I have a dataframe with :
"abc": array [
"def": struct {
"id": string,
"value": string
}
]
id can be "PHONE", "FAX" and "MAIL" So, this is a sample :
technical_id | column_to_explode |
---|---|
1 | [["PHONE", "083665xxxx"], ["FAX", "0325xxxxxx"]] |
2 | [["MAIL", "abc@xxx.com"]] |
3 | null |
Is it possible to transform to :
technical_id | column_to_explode | PHONE | FAX | |
---|---|---|---|---|
1 | [["PHONE", "083665xxxx"], ["FAX", "0325xxxxxx"]] | 083665xxxx | 0325xxxxxx | null |
2 | [["MAIL", "abc@xxx.com"]] | null | null | abc@xxx.com |
3 | null | null | null | null |
I'm trying with explode but it duplicate rows and I would rather to avoid this.
Thanks.
You can do a pivot
after the explode
to ensure unique ID columns.

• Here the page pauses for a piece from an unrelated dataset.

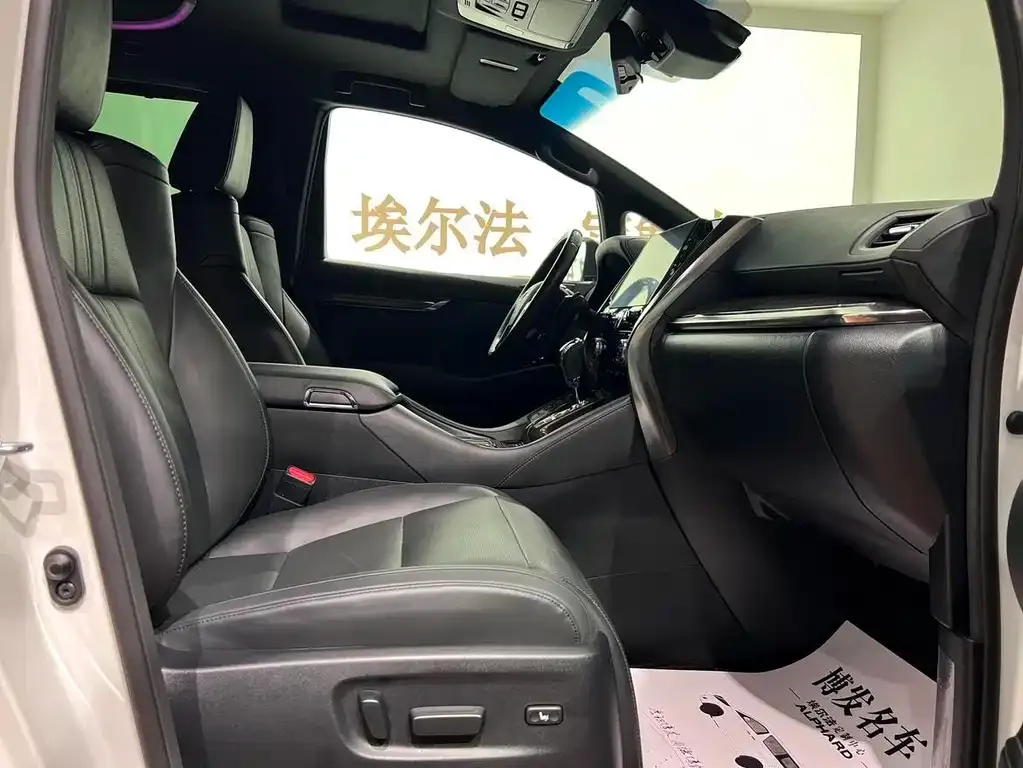 Toyota Alphard — фото 4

Here's an example.
spark.sparkContext.parallelize([([('phone', 'abc'), ('email', 'xyz')], 1), ([('fax', 'klm')], 2)]). \
toDF(['arr_of_structs', 'id']). \
selectExpr('*', 'inline(arr_of_structs)'). \
groupBy('id'). \
pivot('_1'). \
agg(func.first('_2')). \
show(truncate=False)
# +---+-----+----+-----+
# |id |email|fax |phone|
# +---+-----+----+-----+
# |1 |xyz |null|abc |
# |2 |null |klm |null |
# +---+-----+----+-----+
The input dataframe looks like the following
spark.sparkContext.parallelize([([('phone', 'abc'), ('email', 'xyz')], 1), ([('fax', 'klm')], 2)]). \
toDF(['arr_of_structs', 'id']). \
show(truncate=False)
# +----------------------------+---+
# |arr_of_structs |id |
# +----------------------------+---+
# |[{phone, abc}, {email, xyz}]|1 |
# |[{fax, klm}] |2 |
# +----------------------------+---+
# root
# |-- arr_of_structs: array (nullable = true)
# | |-- element: struct (containsNull = true)
# | | |-- _1: string (nullable = true)
# | | |-- _2: string (nullable = true)
# |-- id: long (nullable = true)